Task material
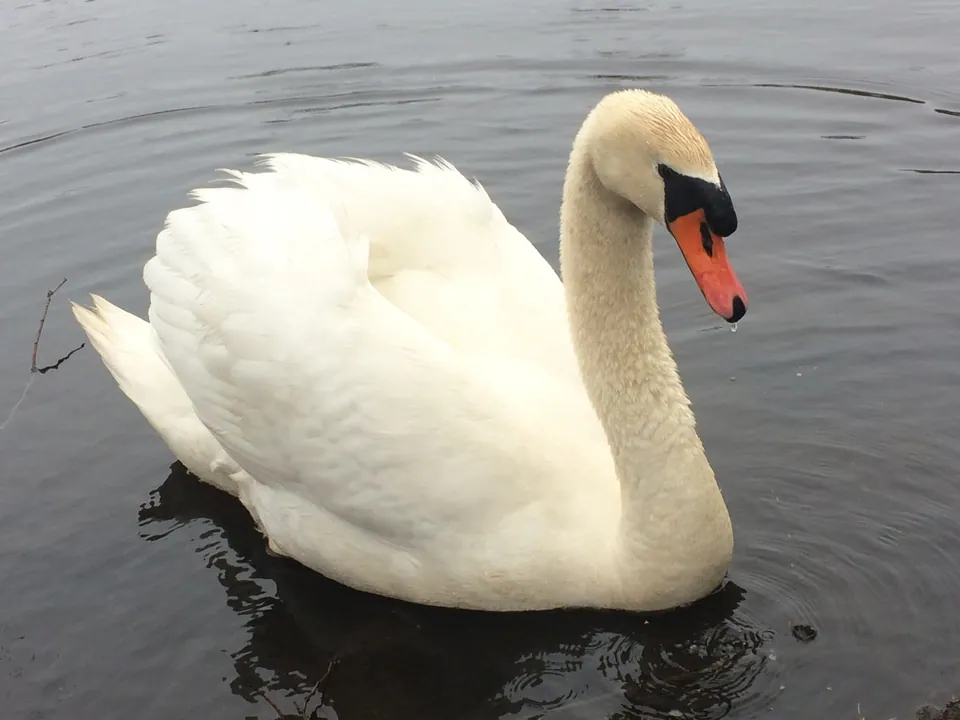 Höckerschwan (Cygnus olor) erkennen — Foto, Gesang und Steckbrief der Vogelart aufgenommen in Jean Moulin, 78470 Saint-Rémy-lès-Chevreuse, France
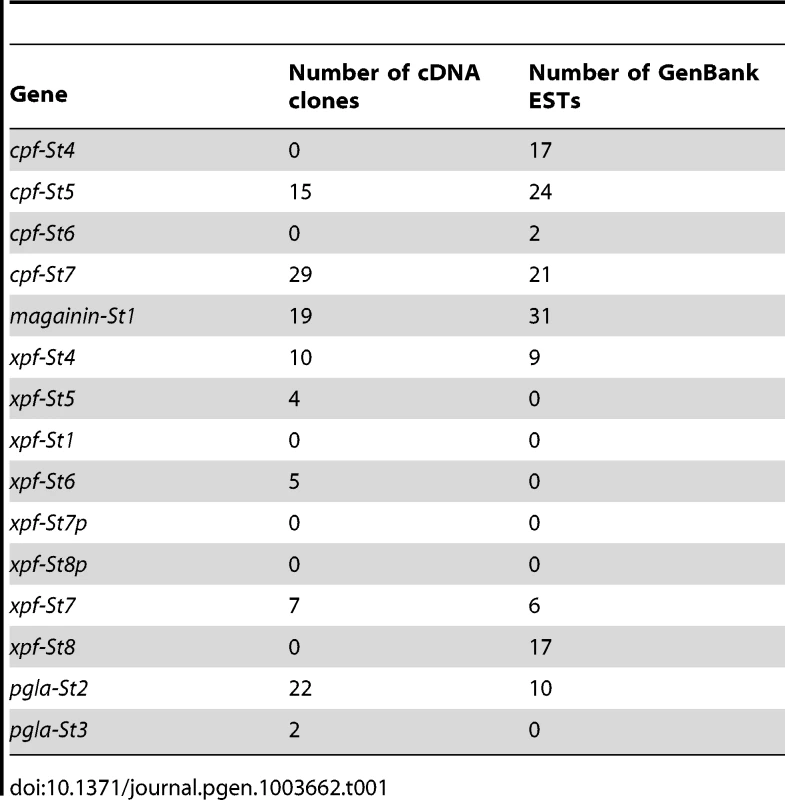 Transcript abundance of <i>S. tropicalis</i> AMP genes in our cDNA library and in the EST division of GenBank.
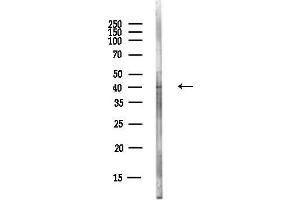 anti-Lectin, Mannose-Binding 2 (LMAN2) antibody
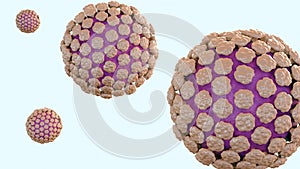 3d rendering of Norovirus causes stomach flu photo
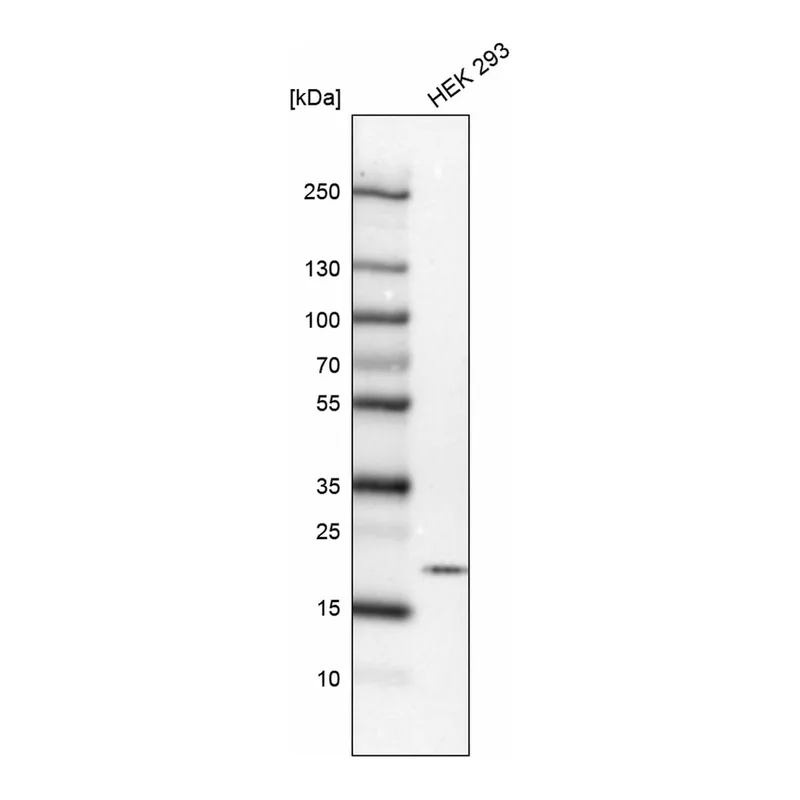 Atlas Antibodies Anti-MPLKIP Antibody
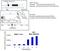 Lysine Acetyltransferase 5 antibody, MA1-71513, Invitrogen Antibodies, Chromatin Immunoprecipitation image 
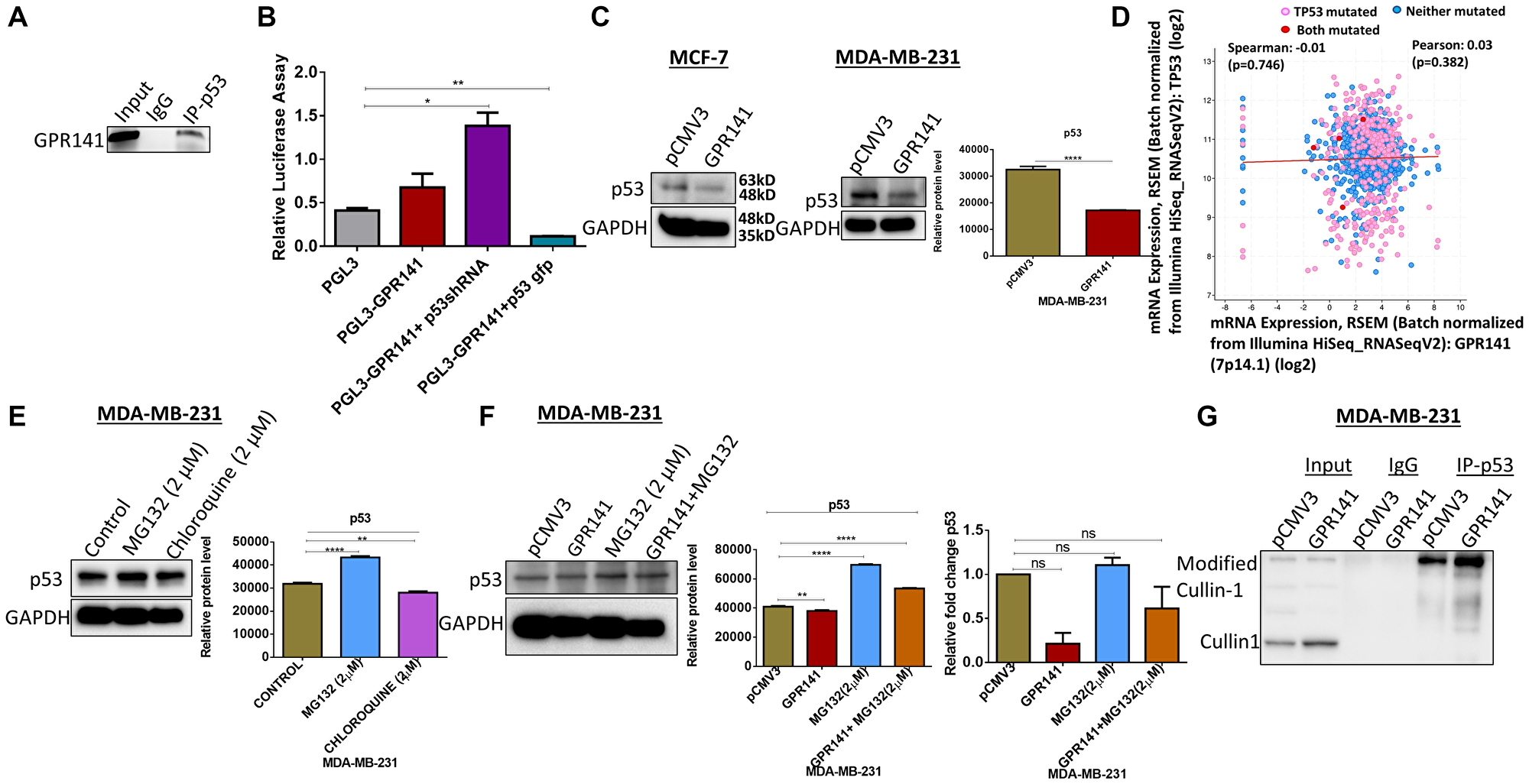 p53 is essential for the proliferative behavior of GPR141 overexpressed cells.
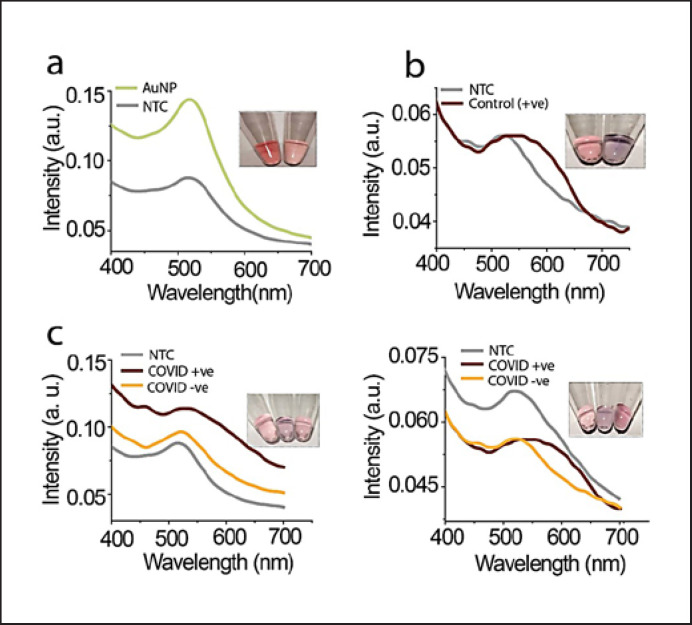 Development of RNA-Based Assay for Rapid Detection of SARS-CoV-2 in Clinical Samples.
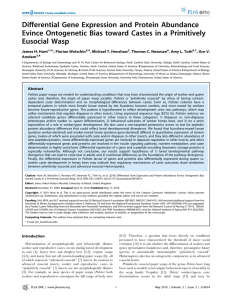 Differential Gene Expression and Protein Abundance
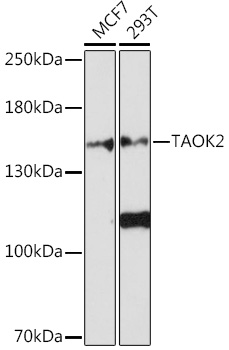 TAOK2 Polyclonal Antibody (E-AB-91686)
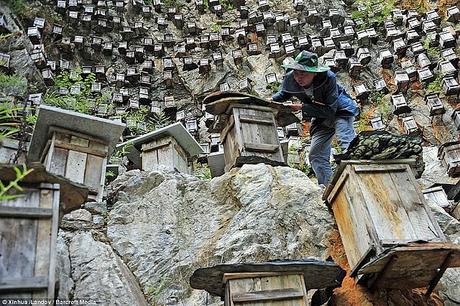 IMÁGENES ESPECTACULARES DE APICULTURA CHINA - SPECTACULAR IMAGES CHINA BEEKEEPING.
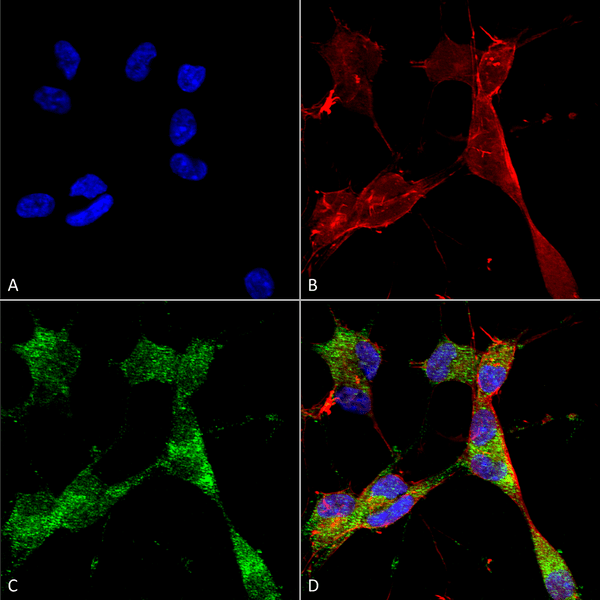 Mouse Anti-PINK1 Antibody [N4/15] used in Immunocytochemistry/Immunofluorescence (ICC/IF) on Human Neuroblastoma cells (SH-SY5Y) (SMC-450)
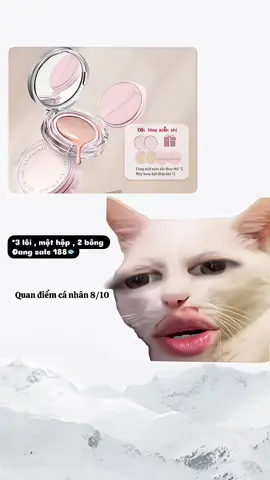 Ổn và flop😩😩😩#vanvatbietnoi#viralvideo #viral #xuhuong #riview #cushion 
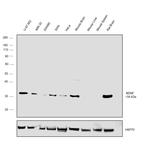 BDNF Antibody in Western Blot (WB)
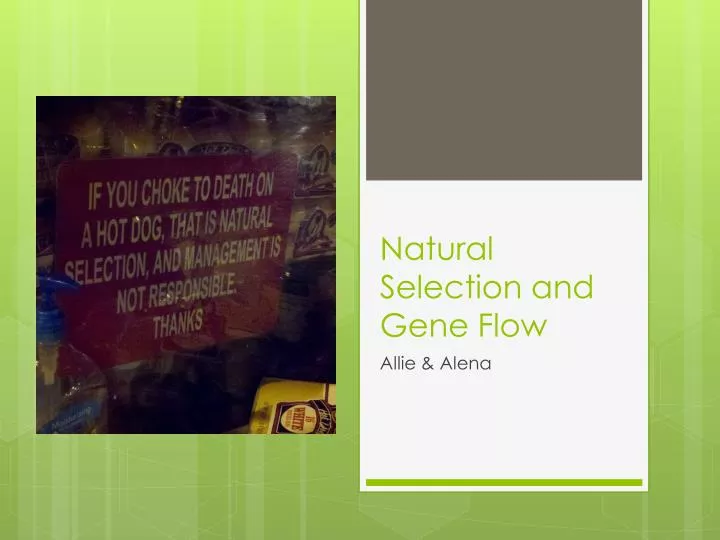 natural selection and gene flow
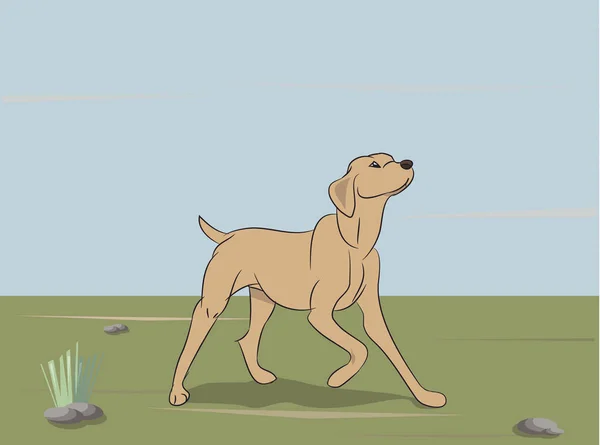 Perro Corriendo Color Vector Aire Libre — Archivo Imágenes Vectoriales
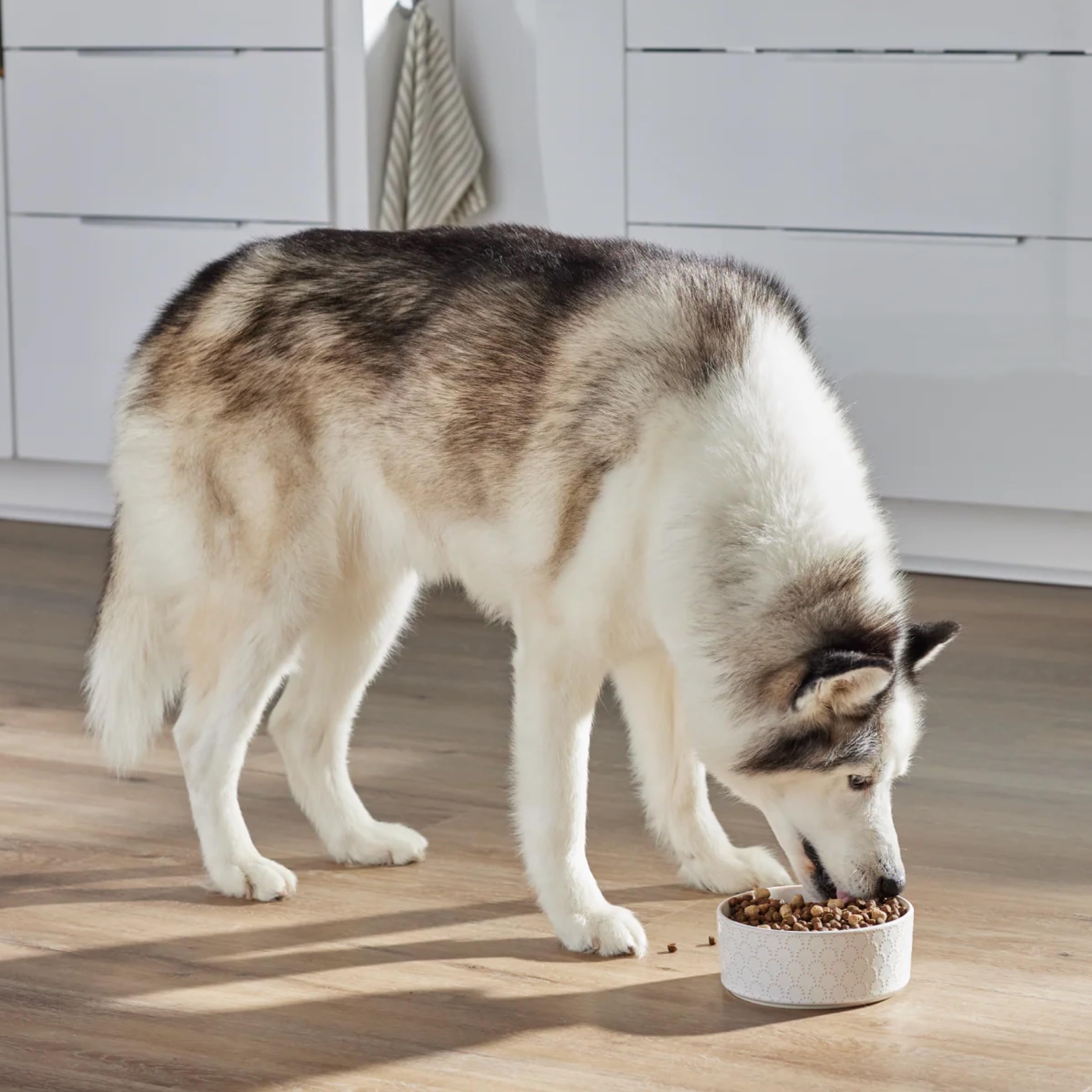 Open Farm, RawMix Grain-Free Dry Dog Food, Protein-Packed Kibble Coated in Bone Broth with Freeze Dried Raw Chunks, Pollock Beef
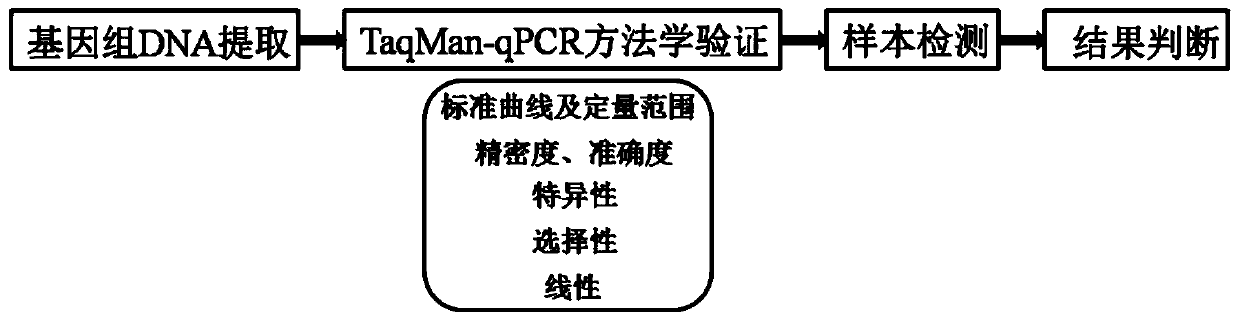 Primer for specifically detecting human genome DNA and application thereof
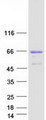 SRF / Serum Response Factor Protein - Purified recombinant protein SRF was analyzed by SDS-PAGE gel and Coomassie Blue Staining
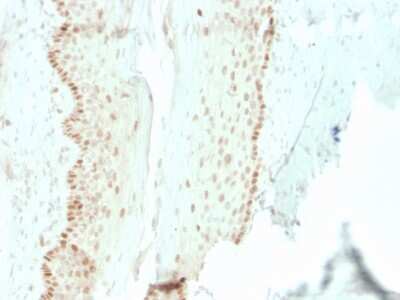 Immunohistochemistry-Paraffin: SOX2 Antibody (rSOX2/1792) [NBP3-07888] - Formalin-fixed, paraffin-embedded human cervix stained with SOX2 Recombinant Mouse Monoclonal Antibody (rSOX2/1792).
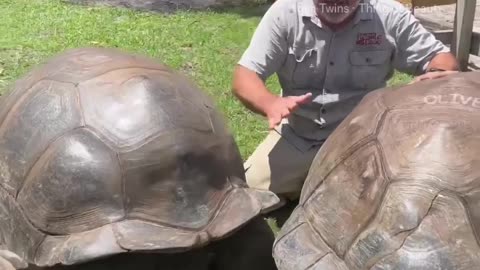 Viral video part -3 #aldabra #tortoise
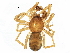  (Scotinella - BIOUG20593-E07)  @15 [ ] CreativeCommons - Attribution (2015) CBG Photography Group Centre for Biodiversity Genomics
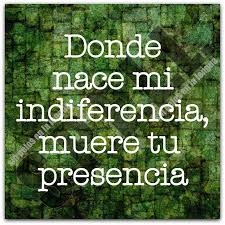 Indiferencia Con Imagenes Dichos Y Frases Palabras De Sabiduria Frases Sobre Personas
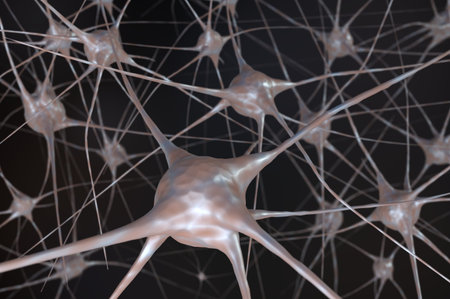Nerve cells in brain. 3D rendered illustration.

Task directions
All that is required is an exact reproduction of the lines from the one containing "Immunohistochemistry-Paraffin: SOX2 Antibody" to the final line of the listing above, pictures omitted.

Exercise output
 Immunohistochemistry-Paraffin: SOX2 Antibody (rSOX2/1792) [NBP3-07888] - Formalin-fixed, paraffin-embedded human cervix stained with SOX2 Recombinant Mouse Monoclonal Antibody (rSOX2/1792).
 Viral video part -3 #aldabra #tortoise
  (Scotinella - BIOUG20593-E07)  @15 [ ] CreativeCommons - Attribution (2015) CBG Photography Group Centre for Biodiversity Genomics
 Indiferencia Con Imagenes Dichos Y Frases Palabras De Sabiduria Frases Sobre Personas
Nerve cells in brain. 3D rendered illustration.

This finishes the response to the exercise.